Go talk to Shields, or read him. Or, I should say, read this book, which is only, perhaps, 82% Shields, in terms of the lines themselves, the rest being borrowed from, say, Vivian Gornick, Patricia Hampl, William Gass, Margo Jefferson, John D'Agata, Lauren Slater, Philip Roth, Charles Simic, J. M. Coetzee, Ross McElwee, Anne Carson, and if I listed them all, I would be taking you through the 618 citations in the back of the book, reluctantly delivered by Shields, at the advice (or insistence) of his attorneys, though Shields, begging us not to refer to the citations at all, declares, "Reality cannot be copyrighted."
(Please, Mr. Shields, forgive my quotation marks.)
When you write across genres, as I do, when your autobiography of a river feels like the truest book you've ever written (the angriest, the most beseeching, the least afraid of either beauty or despair, the most unprotected and therefore the most vulnerable), you engage with Shields, you talk to him in your head, saying: Yes, this is so. No, not so much. Or, Are you perhaps dangerously close to exhibitionism with your extremism? And, Will you be offended if I thank you for this late-in-the-book chapter called DS, where it is you and only you straight for a couple of pages, you getting (unassisted) to your heart of things, your unmediated why of things, though I recognize, I obviously do, that appropriation and plagiarism are your method here, your trump card, your manifesto, your heart?
What does, indeed, offend Shields? Boring does. Boring gets him big. Conventional forms, conventional ideas, conventional courtesies—these would not survive in the land of Shields. What Shields wants, in his own words is found under section 457: "So: no more masters, no more masterpieces. What I want (instead of God the novelist) is self-portrait in a convex mirror."

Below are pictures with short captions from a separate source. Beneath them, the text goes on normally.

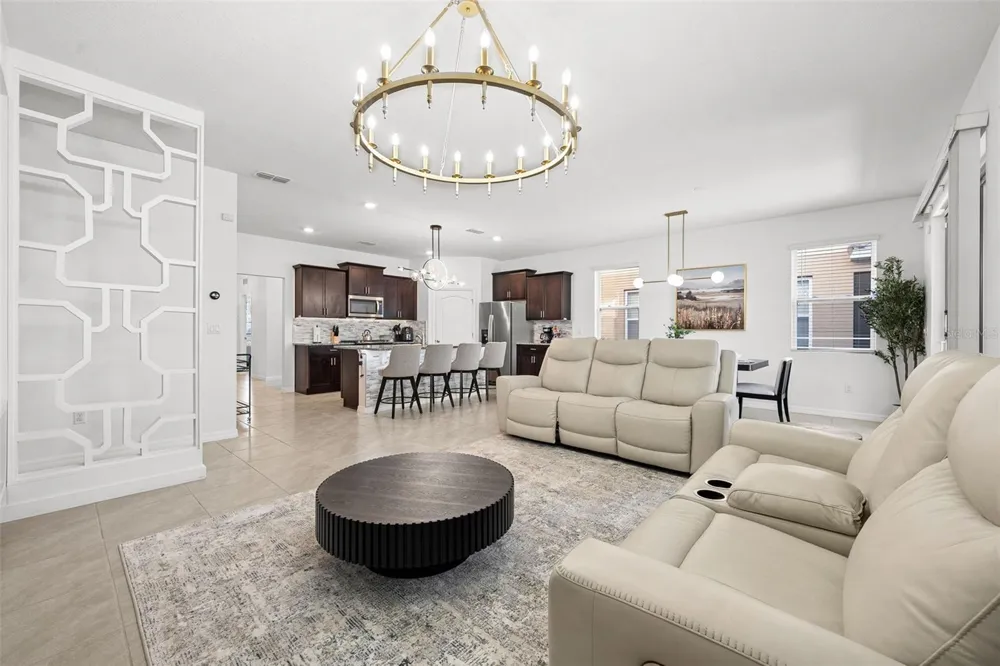 7552 OAKMOSS LOOP Davenport, FL 33837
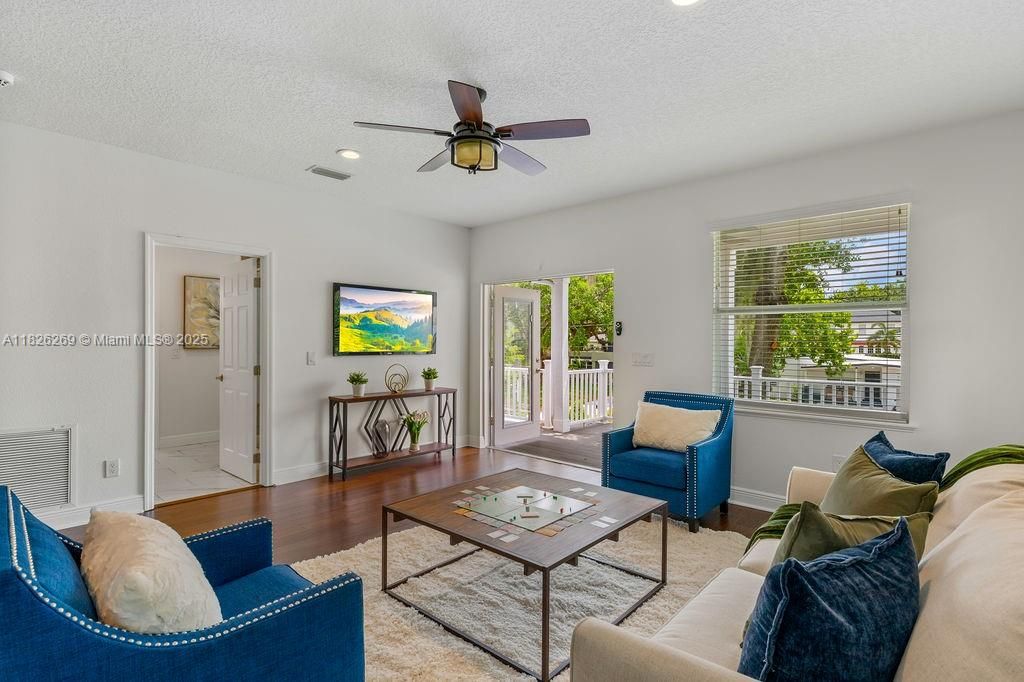 待售: $1,095,000 (4 贝兹, 3 浴室, 2770 平方英尺)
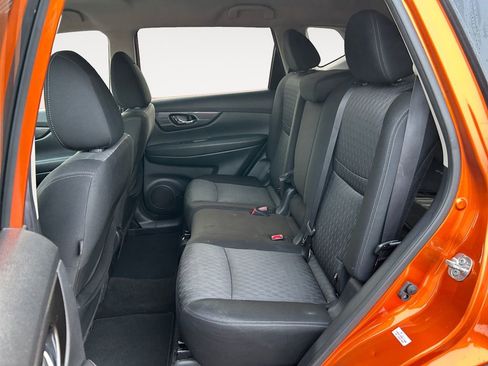 Used 2020 Nissan Rogue SV image 11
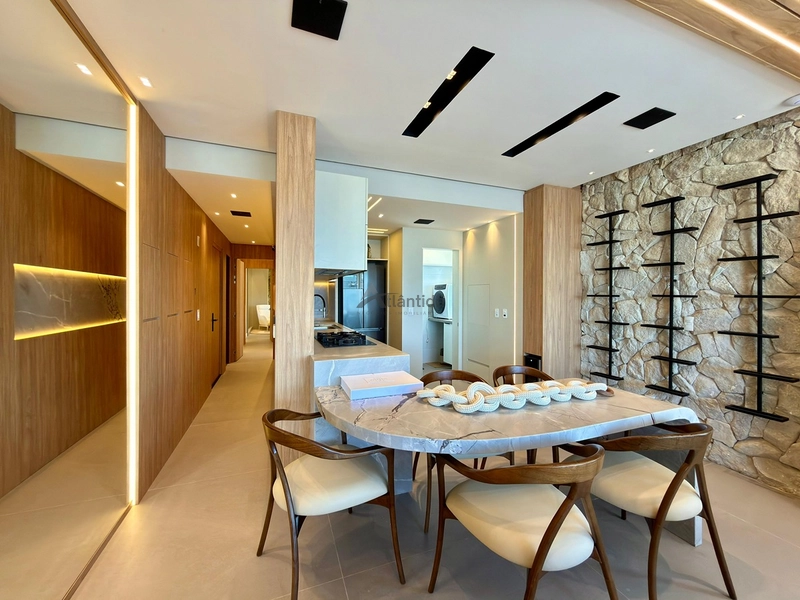 Apartamento finamente decorado na Zona Nova, com 3 dormitórios, piso aquecido, automação, som ambiente, móveis Saccaro e Dell Anno, em edifício com rooftop e infraestrutura completa.: 9ª foto da galeria de imagens do imóvel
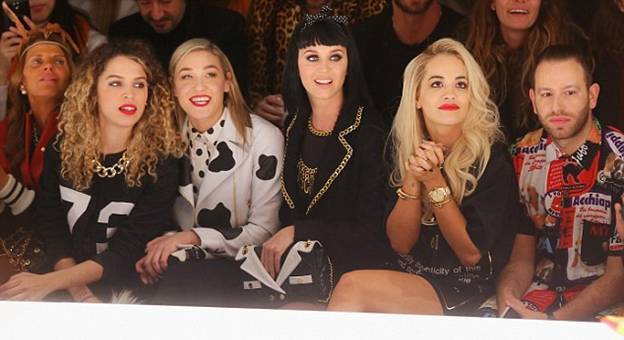 Кэти Перри на показе Moschino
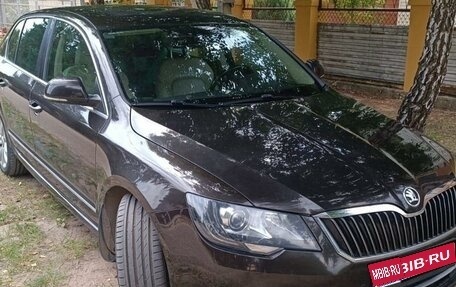 Skoda Superb III рестайлинг, 2014 год, 1 390 000 рублей, 1 фотография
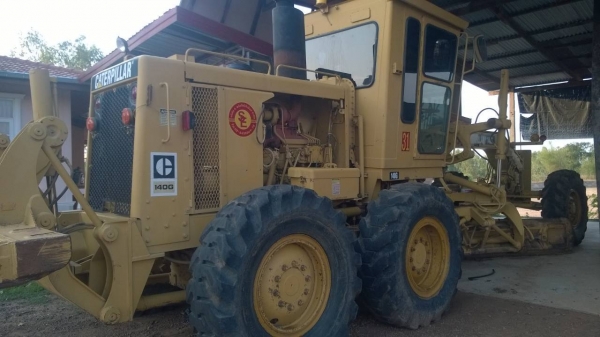 รถเกรด CAT 140G. ( รถทำงาน 11,xxx ชม. ) สนใจติดต่อ 081 - 6079515 รถเกรด CAT 140G. ( รถทำงาน 11,xxx ชม. ) สนใจติดต่อ 081 - 6079515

That is what Shields wants. And you?
Good to hear of your productive writing day but even better to hear that you are sleeping. I recall a scientific study that found creative thinking near impossible on less than 6 hours of sleep. So sleeping time is writing time too. And the novel is NOT dead.
I love essays. I love memoirs. I love novels. Each of them does something that the other two don't. None of them replaces the others, in my opinion.
People have been talking about the death of the novel almost since the novel began. I wonder if under it all, there is still suspicion of a form that was, at first, considered entertainment for women and was more often than anything else written by women. Even now far more women buy and read novels than men do.
Oh, but aside from that mainly what I want to say is hurray that you've got through that difficult patch with your new book!